Heme oxygenase substrates acutely lower blood pressure in hypertensive rats

R. A. Johnson, M. Lavesa, K. DeSeyn, M. J. Scholer and A. Nasjletti
Department of Pharmacology, New York Medical College, Valhalla 10595, USA.

Heme oxygenase catalyzes the metabolism of heme to biliverdine, free iron, and carbon monoxide. The current study was designed to determine if treatment with the heme oxygenase substrates heme-L-arginate or heme-L-lysinate, to stimulate formation of heme oxygenase products, can lower blood pressure in the rat. Heme-L-arginate (45 mumol/kg ip) and heme-L-lysinate (45 mumol/kg ip) acutely lowered blood pressure in awake spontaneously hypertensive rats (SHR) by approximately 35 mmHg. For both heme oxygenase substrates, this effect was blunted by pretreatment with an inhibitor of heme oxygenase, zinc deuteroporphyrin 2,4-bis glycol. Heme-L-lysinate also lowered arterial pressure in deoxycorticosterone acetate-salt hypertensive rats and in rats with phenylephrine-induced hypertension, indicating that the vasodepressive actions of heme may be extended to other hypertensive models. However, neither heme-L-arginate nor heme-L-lysinate decreased blood pressure in normotensive controls.
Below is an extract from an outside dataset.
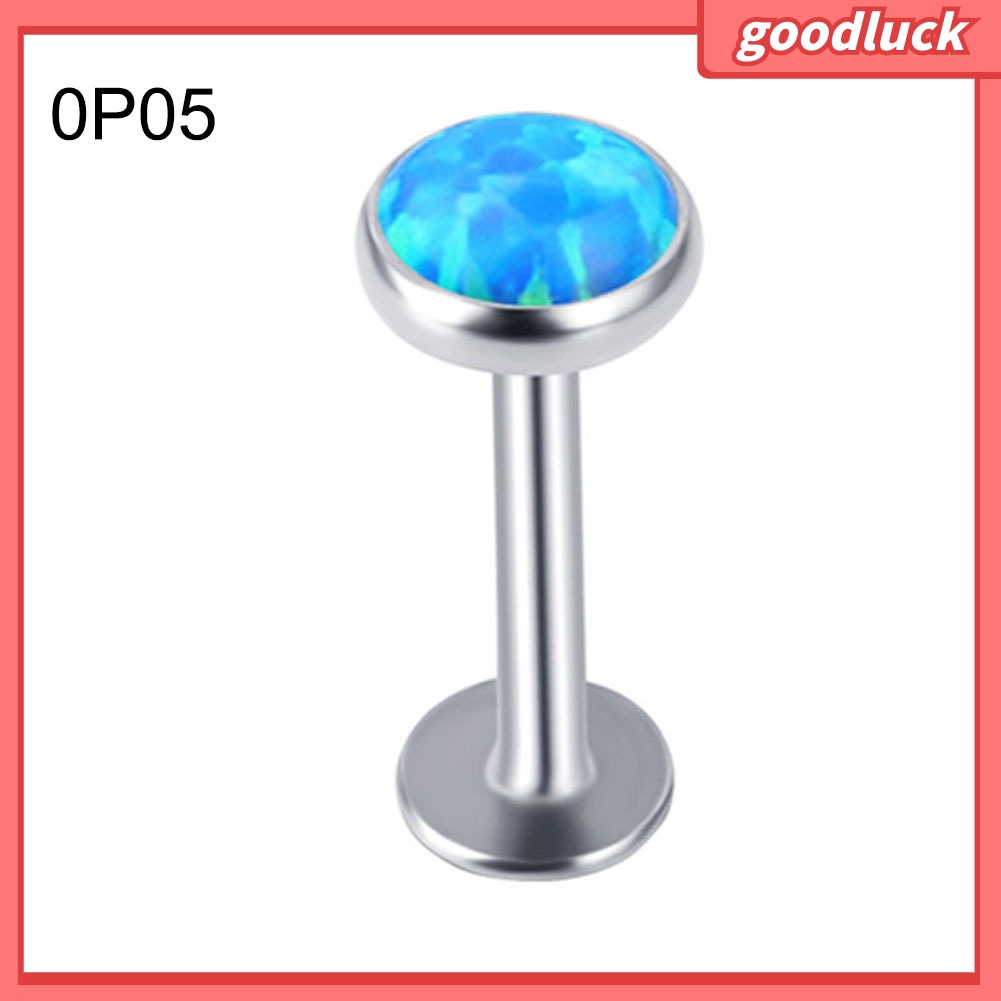 1Pc Đàn ông Phụ nữ Faux Opal Labret Lip Ring Ear Stud Earring Body Xuyên Đồ trang sức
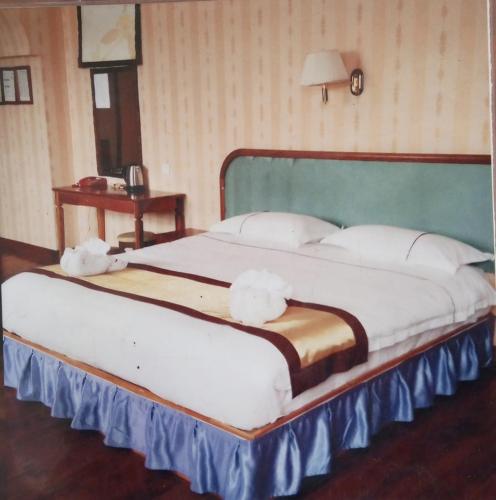 芒赛Dansavanh Hotel的卧室内的一张带白色枕头的大床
The heme oxygenase product biliverdine did not lower blood pressure in SHR, and the vasodepressive actions of heme-L-lysinate were unaffected by pretreatment with deferoxamine to chelate free iron. Carbon monoxide (12 ml/kg ip) lowered blood pressure in SHR and in rats made hypertensive by phenylephrine infusion, had no effect on blood pressure in Wistar-Kyoto rats, and elicited only a modest vasodepressive response in normotensive Sprague-Dawley rats. We conclude that heme-bearing preparations can lower blood pressure in hypertensive rats, presumably via heme oxygenase-mediated formation of carbon monoxide.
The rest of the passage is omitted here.